START STORED DATA

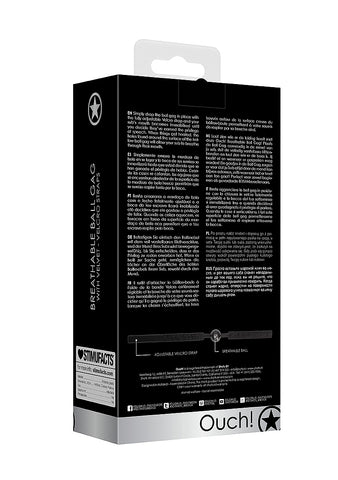 Shots Toys Breathable Ball Gag With Velvet & Velcro Straps - Bondage Gags and Bits
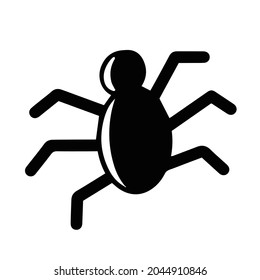 Black spider, silhouette. Vector illustration for printing, backgrounds, wallpapers, covers, packaging, greeting cards, posters, stickers, textile and seasonal design. Isolated on white background.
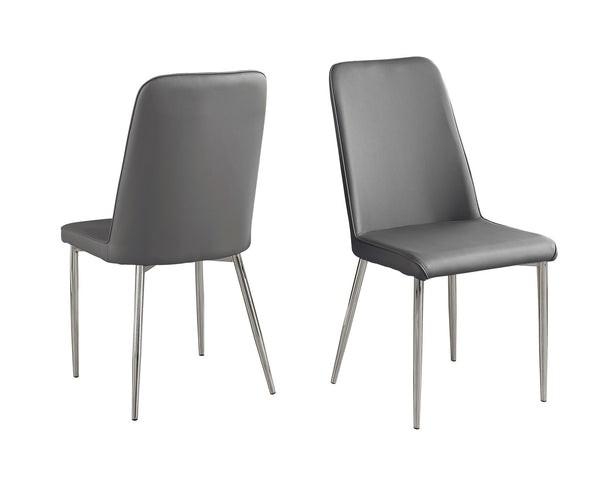Homeroots Set Of Two Gray And Silver Upholstered Faux Leather Dining Side Chairs Grey Metal 332577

END STORED DATA

* TASK ITEM: Go through the listing above and write it all out exactly, leaving out any picture.

* ANSWER TO THE PROBLEM:
 Shots Toys Breathable Ball Gag With Velvet & Velcro Straps - Bondage Gags and Bits
 Black spider, silhouette. Vector illustration for printing, backgrounds, wallpapers, covers, packaging, greeting cards, posters, stickers, textile and seasonal design. Isolated on white background.
Homeroots Set Of Two Gray And Silver Upholstered Faux Leather Dining Side Chairs Grey Metal 332577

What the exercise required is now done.